The sugar beet root maggot, Tetanops myopaeformis, is the "alpha" pest of insects that attack sugar beets. This is especially true in the Red River Valley regions of North Dakota and Minnesota, where about 51 percent of the total U.S. sugar beet crop is grown.

So why are Agricultural Research Service (ARS) scientists and collaborators in Fargo, N.D., excited about discovering that Tetanops can survive five years of refrigerated storage—and even months in water?

The answer has to do with the saying, "Know thine enemy." In order to develop novel ways of fighting Tetanops or other insect pests, scientists must rear large colonies of them in the lab for detailed study. This can cost thousands, if not millions, of dollars annually. Being able to keep the insects in cold storage until needed could help cut the cost and save time, notes George Yocum, a physiologist in the ARS Insect Genetics and Biochemistry Research Unit at Fargo.
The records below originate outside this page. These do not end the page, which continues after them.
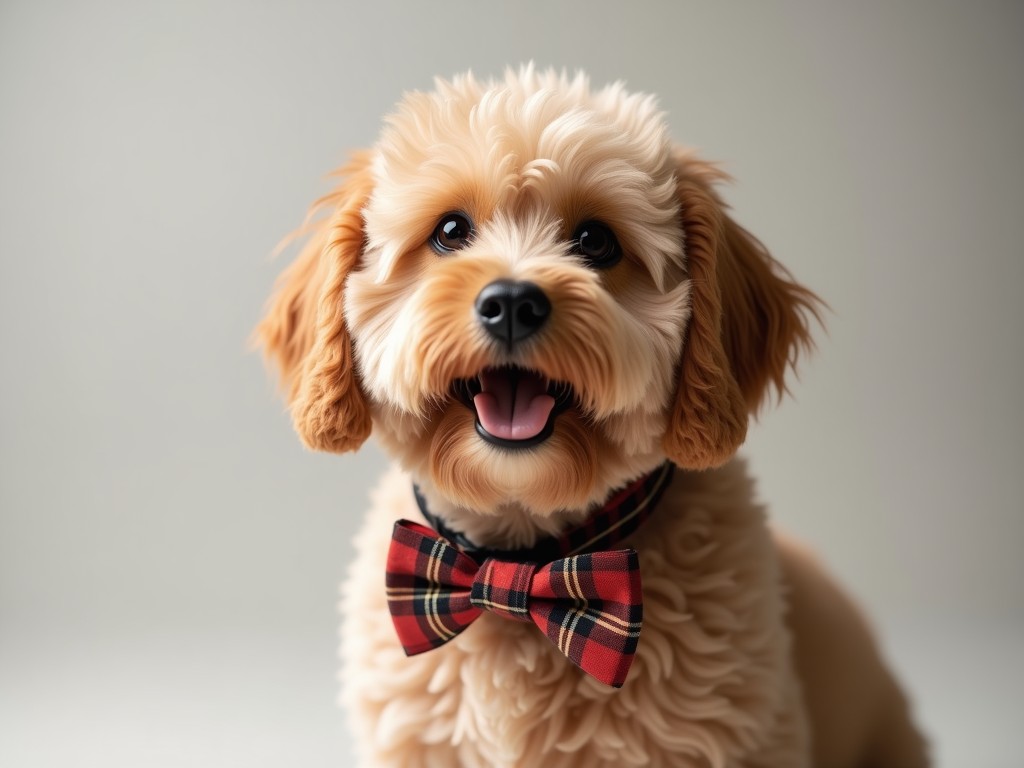Custom Dog Bow Tie Collar Supplier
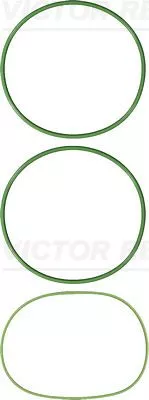 Gasket Set, cylinder liner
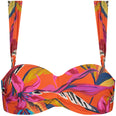 Bora Bora Padded Wired bikinitop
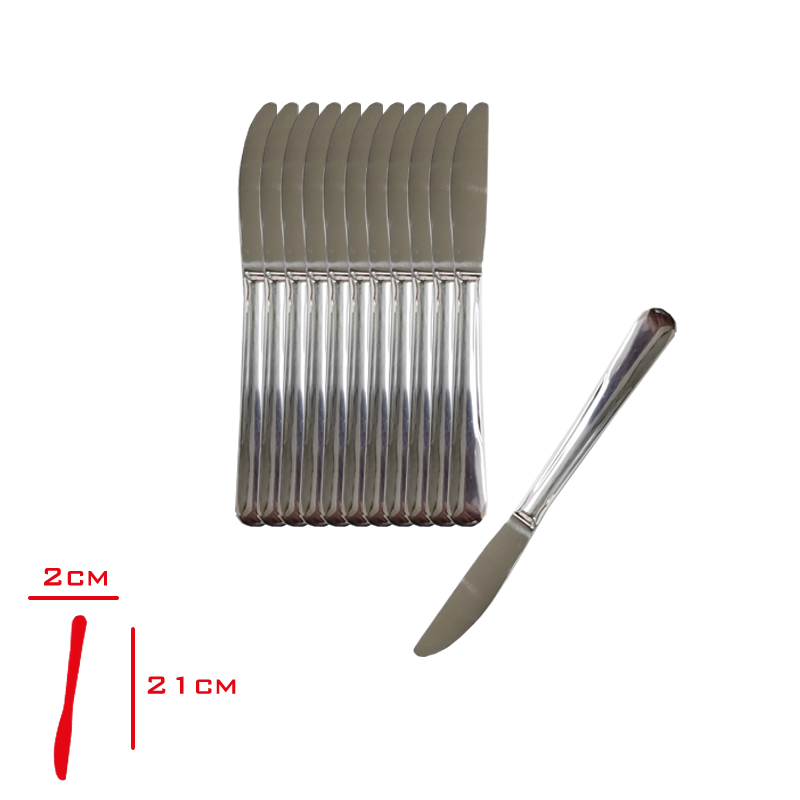 KILICLAR PINAR TATLI BICAGI 12 LI 63 GR 304
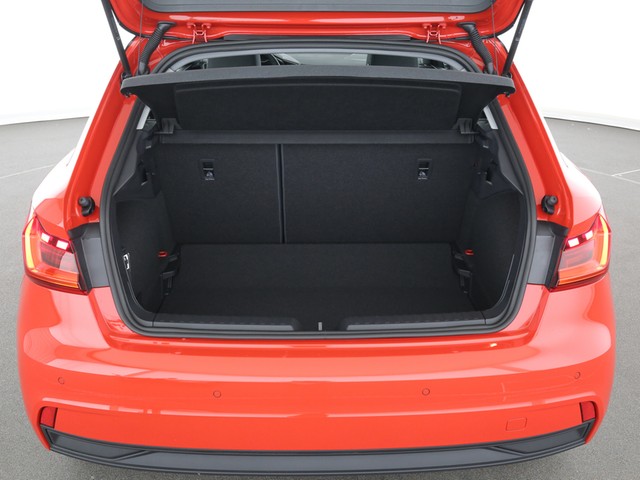 Audi A1 - Bild 22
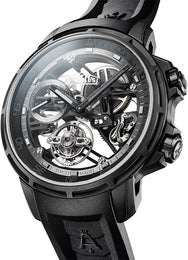 Angelus Watch U50 Diver Tourbillon Limited Edition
Yocum and North Dakota State University colleagues Mark Boetel and Anitha Chirumamilla are studying cold storage of Tetanops for another reason: to avoid inbreeding that can make lab-reared colonies genetically different from targeted populations in beet fields.
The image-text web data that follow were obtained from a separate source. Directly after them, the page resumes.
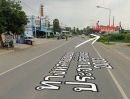 ขายที่ดิน - ด่วน! ขายที่ดินทำเลค้าขายปราณบุรี 47.2 ตร.ว. ตรงข้าม 7-Eleven ลุ่มโพธิ์ ติดถนน 4020 ราคาเดียว 1.6 ลบ. (ใกล้ รพ.ปราณบุรี)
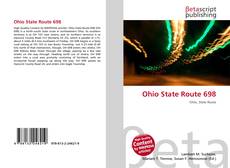 Copertina di Ohio State Route 698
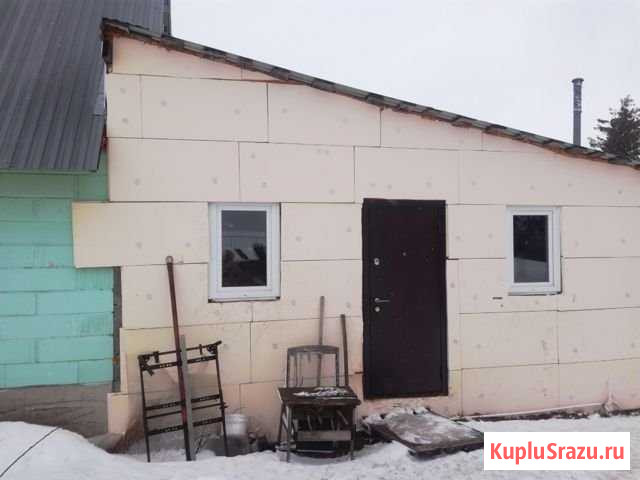 Дом 70 м² на участке 15 сот. на продажу в Ижевске Ижевск - изображение 2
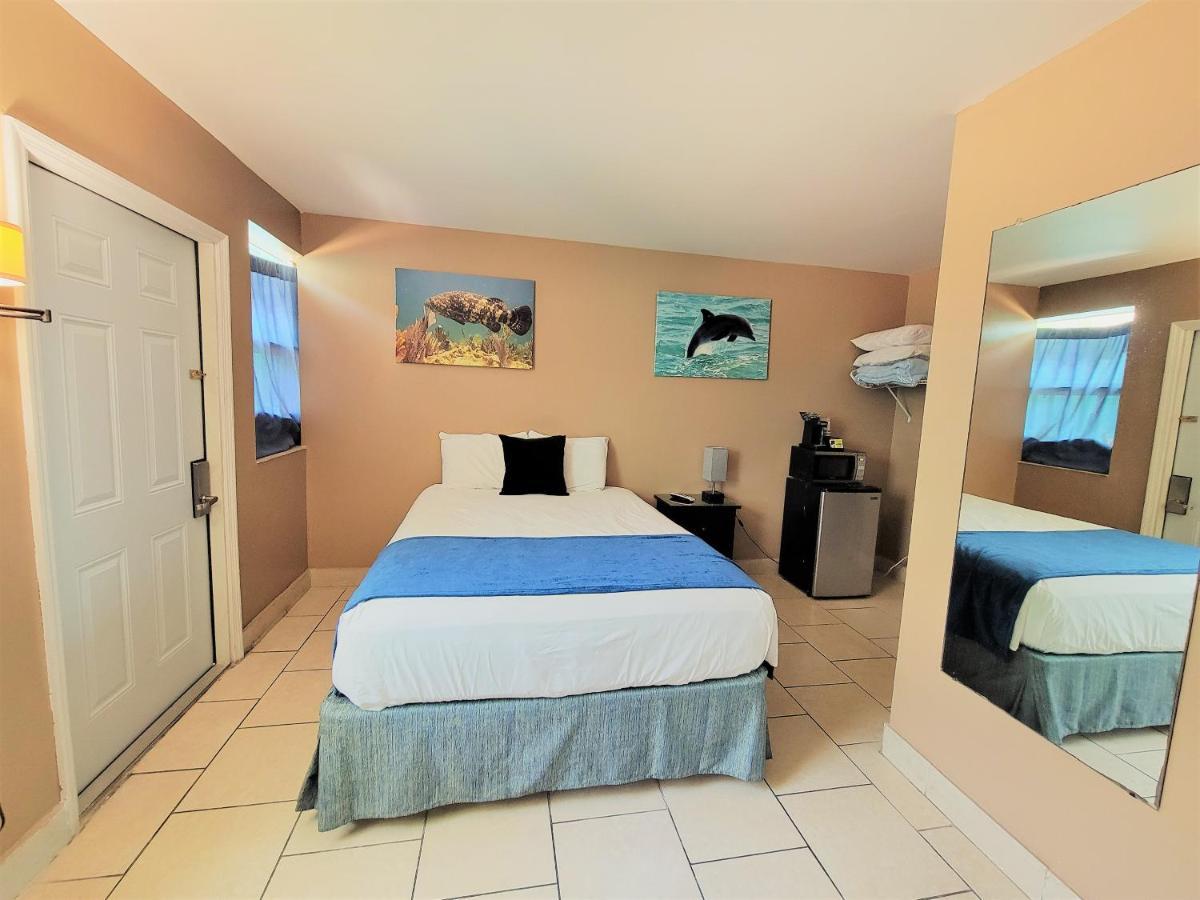 Looe Key Reef And Dive Center 2*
In studies, the researchers compared the respiration, lipid use and gene activity of dormant Tetanops larvae collected in the field to those stored in the lab at 41 to 45 degrees Fahrenheit for up to five years. Of those, 54 percent developed into adult flies when warmed up. The larvae also survived submersion in tap water at room temperature for three months. Yocum suspects Tetanops' capacity for survival is an evolutionary adaptation to flooding and freezing in the Red River Valley region.

Yocum's team is focusing attention on hibernation-like mechanisms that the insect may use, including metabolism regulation and cell-protecting antifreeze that's not been observed in other insects.

Potentially, Tetanops could serve as a model organism for cold-storage applications in other fields, such as improved quarantine techniques and biomedical efforts to extend the storage and transport of human organs for transplant.

ARS is the U.S. Department of Agriculture's chief scientific research agency.